Même si une université offre aux étudiants sur la ligne de front et dans les zones occupées la possibilité d’étudier à distance, il reste parfois des problèmes qui ne peuvent être résolus que sur le lieu d’études. On m’a rapporté des cas où des étudiants ont été menacés d’être radiés de leur université s’ils ne signaient pas leur plan d’études individuel ou n’apportaient pas personnellement leur certificat d’inscription. Ces questions ne sont résolues que par la « bonne volonté » de l’administration et des enseignants – par le biais d’accords personnels avec eux. En fin de compte, il n’y a tout simplement aucune garantie que ceux qui sont forcés de rester dans les territoires occupés seront en mesure d’obtenir un diplôme d’une université en Ukraine.

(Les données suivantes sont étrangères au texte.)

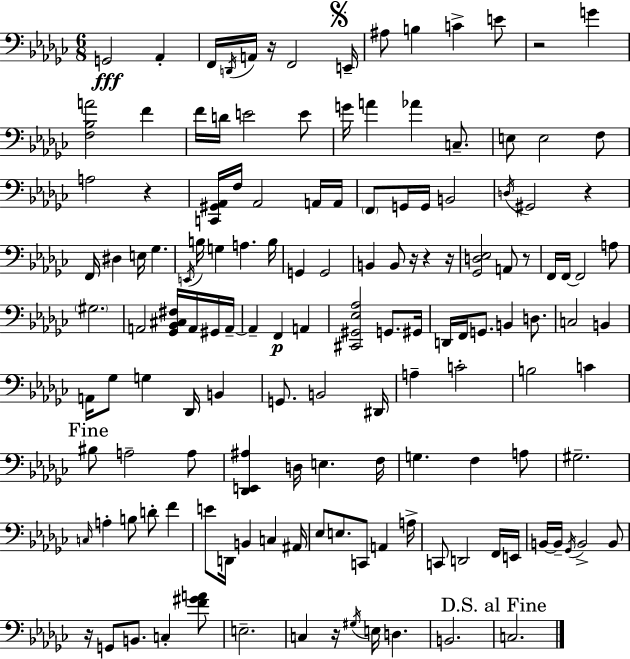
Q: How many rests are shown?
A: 10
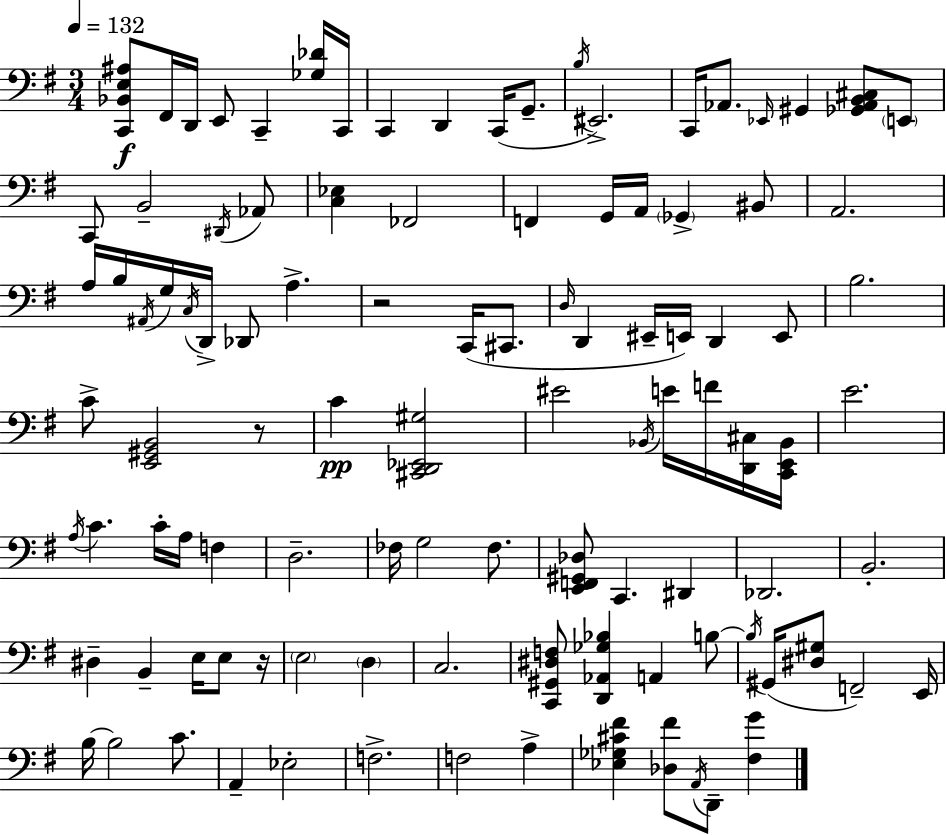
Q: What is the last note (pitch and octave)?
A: D2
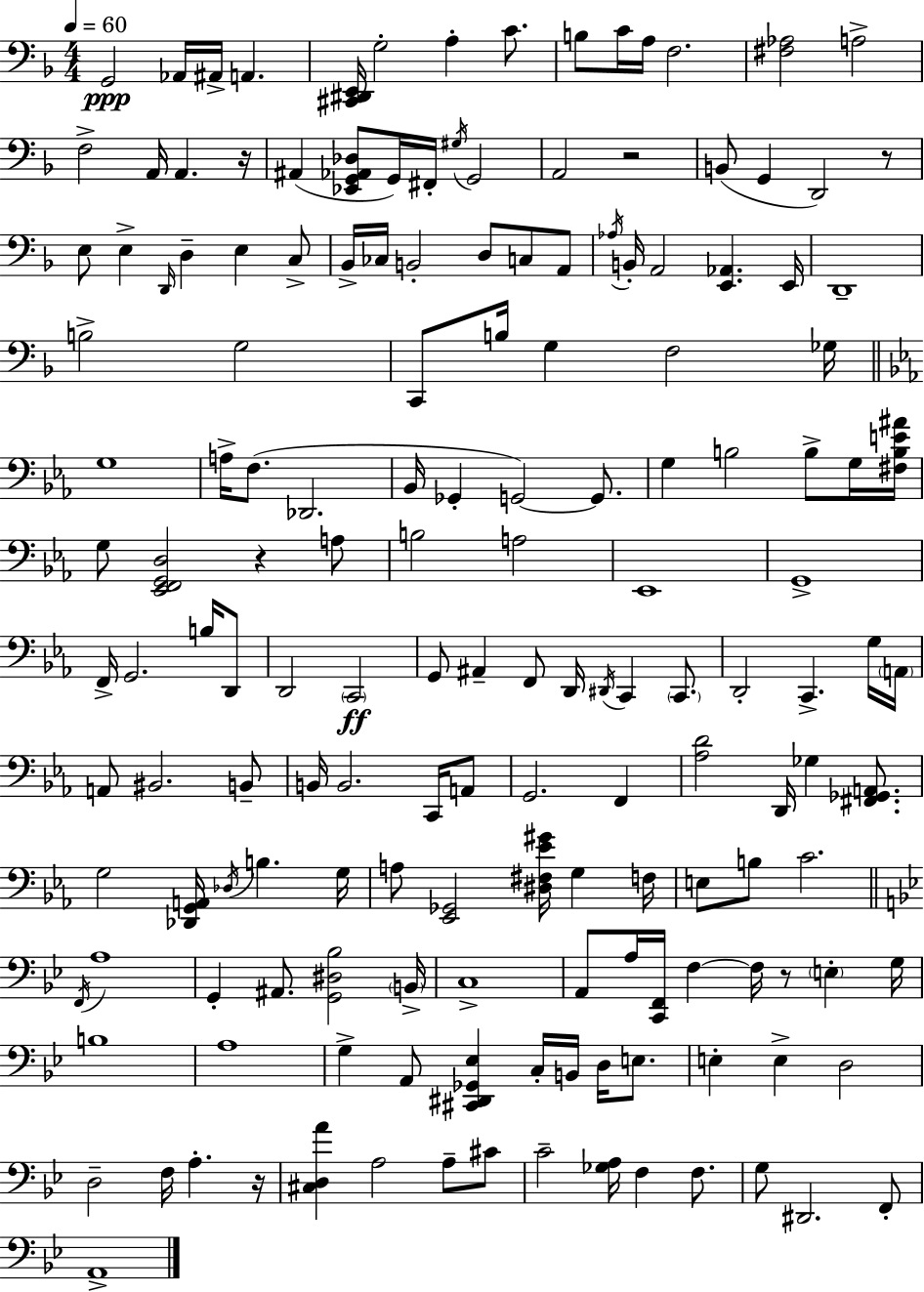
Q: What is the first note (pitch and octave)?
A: G2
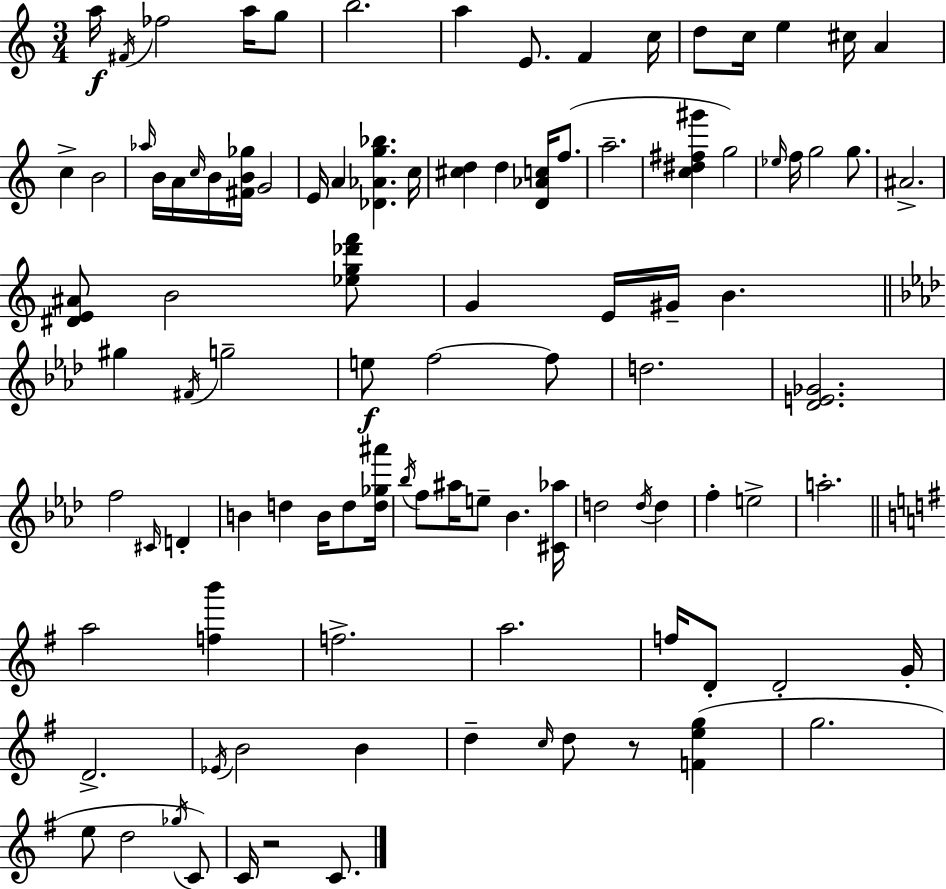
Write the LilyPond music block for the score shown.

{
  \clef treble
  \numericTimeSignature
  \time 3/4
  \key c \major
  \repeat volta 2 { a''16\f \acciaccatura { fis'16 } fes''2 a''16 g''8 | b''2. | a''4 e'8. f'4 | c''16 d''8 c''16 e''4 cis''16 a'4 | \break c''4-> b'2 | \grace { aes''16 } b'16 a'16 \grace { c''16 } b'16 <fis' b' ges''>16 g'2 | e'16 a'4 <des' aes' g'' bes''>4. | c''16 <cis'' d''>4 d''4 <d' aes' c''>16 | \break f''8.( a''2.-- | <c'' dis'' fis'' gis'''>4 g''2) | \grace { ees''16 } f''16 g''2 | g''8. ais'2.-> | \break <dis' e' ais'>8 b'2 | <ees'' g'' des''' f'''>8 g'4 e'16 gis'16-- b'4. | \bar "||" \break \key aes \major gis''4 \acciaccatura { fis'16 } g''2-- | e''8\f f''2~~ f''8 | d''2. | <des' e' ges'>2. | \break f''2 \grace { cis'16 } d'4-. | b'4 d''4 b'16 d''8 | <d'' ges'' ais'''>16 \acciaccatura { bes''16 } f''8 ais''16 e''8-- bes'4. | <cis' aes''>16 d''2 \acciaccatura { d''16 } | \break d''4 f''4-. e''2-> | a''2.-. | \bar "||" \break \key g \major a''2 <f'' b'''>4 | f''2.-> | a''2. | f''16 d'8-. d'2-. g'16-. | \break d'2.-> | \acciaccatura { ees'16 } b'2 b'4 | d''4-- \grace { c''16 } d''8 r8 <f' e'' g''>4( | g''2. | \break e''8 d''2 | \acciaccatura { ges''16 } c'8) c'16 r2 | c'8. } \bar "|."
}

Après l’éclatement de la guerre, de nombreux étudiants et étudiantes ont été contraints de prendre des congés académiques parce qu’ils étaient devenus des réfugiés, devaient travailler davantage, avaient des problèmes psychologiques ou étaient partis au front. À leur retour, ils ont appris qu’ils ne pouvaient pas reprendre des études financées par l’État, alors que le ministère de l’éducation et de la science leur avait assuré que cette possibilité était garantie.
Dans la suite à la pandémie de Covid-19, la guerre a entraîné également les études à distance et de façon prolongée dans de nombreux établissements d’enseignement. Cela rend difficile, voire impossible, la réalisation de stages et entraîne parfois une perte d’intérêt pour l’acquisition de connaissances. Cependant, étudier à temps plein pendant la guerre est également un problème, en particulier lorsque les universités et les dortoirs sont en mauvais état, avec des problèmes de capacité et de sécurité. Les étudiants venus des territoires occupés et de la ligne de front parlent, par exemple, de leur réaction traumatisante aux raids aériens à Kyiv, où ils se rendent chaque jour en cours.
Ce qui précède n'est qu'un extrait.